Michigan Accessibility Plugin

Student Center Image

Student Center: The Landing page for the software of interest

Problem:

The Student Center is an interface that is part of a larger ERP (Enterprise Resource Planning) software. The students at the University of Michigan must use this software to complete certain academic tasks such as adding/dropping classes, check transcripts, and pay tuition. Yet everyday, over 40,000 students must use this system to prolonged due to inefficiency in their designs and interaction”.


Research

As the lead researcher, we wanted to brainstorm for some inquiry and wanted to find these Research questions:

  • What are the constraints that are holding the University to implement a new system/redesign of it?

  • How do Students use the Student Center?

  • What is the overall satisfaction of using the software?

 Gathering Data

To tackle our fundamental research questions, we sought to get information from users (students) by sending out preliminary surveys for a formal User Interview Session. Additionally, we wanted to speak with one of the main stakeholders, the IT- services. Speaking with IT-services will help us understand why Student Center is implemented the way it is.

  • User Interviews

  • Surveys

While we had interviews with users, we had a chance to ask the users about their experience and dive into a contextual Inquiry

  • Contextual inquiry

In addition to the contextual inquiry, we also found that some students had the opportunity to introduce their ‘student center’ system equivalent to our team. As a result, we had some data about competitor interfaces. Thus, allowing us to competitively analyze systems.

  • Competitive Analysis

Findings

 
  • We found from the major Stakeholder and implementor of the system (Michigan ITS) that:

    1) The Student Cetner is only a small aspect of the large (ERP) system

    2) There’s a large push from the University to steer towards cloud-based services

    3) Developing a system from scratch takes too much time and resources

  • From our survey data, contextual inquiry, and competitive analysis we found that users felt that:

    N = 47 (mix of graduate and undergraduate students)

    “It's relatively easy to use, except that navigation is a bit difficult sometimes and I'm afraid to use the back button on my browser.”

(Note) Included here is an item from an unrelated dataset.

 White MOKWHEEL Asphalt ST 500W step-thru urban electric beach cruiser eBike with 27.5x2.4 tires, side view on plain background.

    “link to view a calendar-view/visual student schedule (kinda hidden behind multiple clicks, hard to find if you don't already know about it). Too many links to get to the planning/registration area, hard to tell which one specifically to click to "choose your upcoming classes," unintuitive.”

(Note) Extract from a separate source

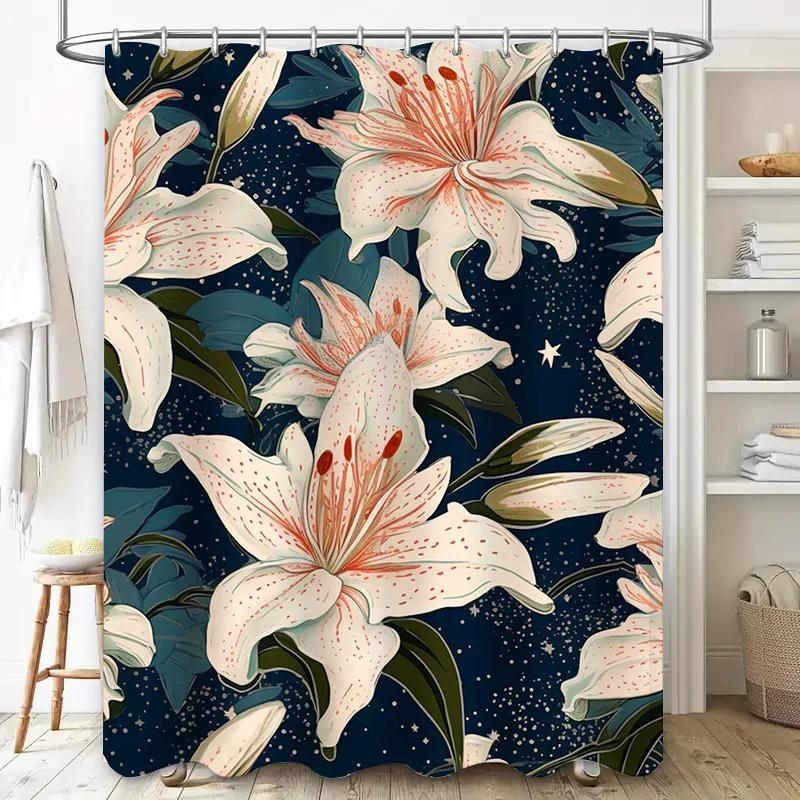 Stylish Bath Shower Curtain Floral Pattern for Bathroom Decorations Waterproof Fabric Various Sizes Available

    Generally unfavorable usability

  • We found that through seeing the overall usability from the users that there were 4 main categories:

    1) Erratic Informatic Architecture:

    Unclear to users the overall hierarchy and priority of information on the student center landing page

    2) Inaccessible Design Components:

    Small font and low contrast ratio between foreground and background.

    3) Non-descriptive Navigation:

    Non-descriptive navigation that doesn’t aid the user to easily understand the relationship between their location on a page.

    4) Outdated Aesthetics:

    Outdated aesthetics that cause a change in perception of usability.

 

Solution: Plugin

  • Original Student Center

    Original Implemented Design of Student Center

  • Michigan Accessibility Plug-In (Design proposal)

    Michigan Accessibility Plug-In (Design proposal)

    Michigan Accessibility Plug-In (Design proposal)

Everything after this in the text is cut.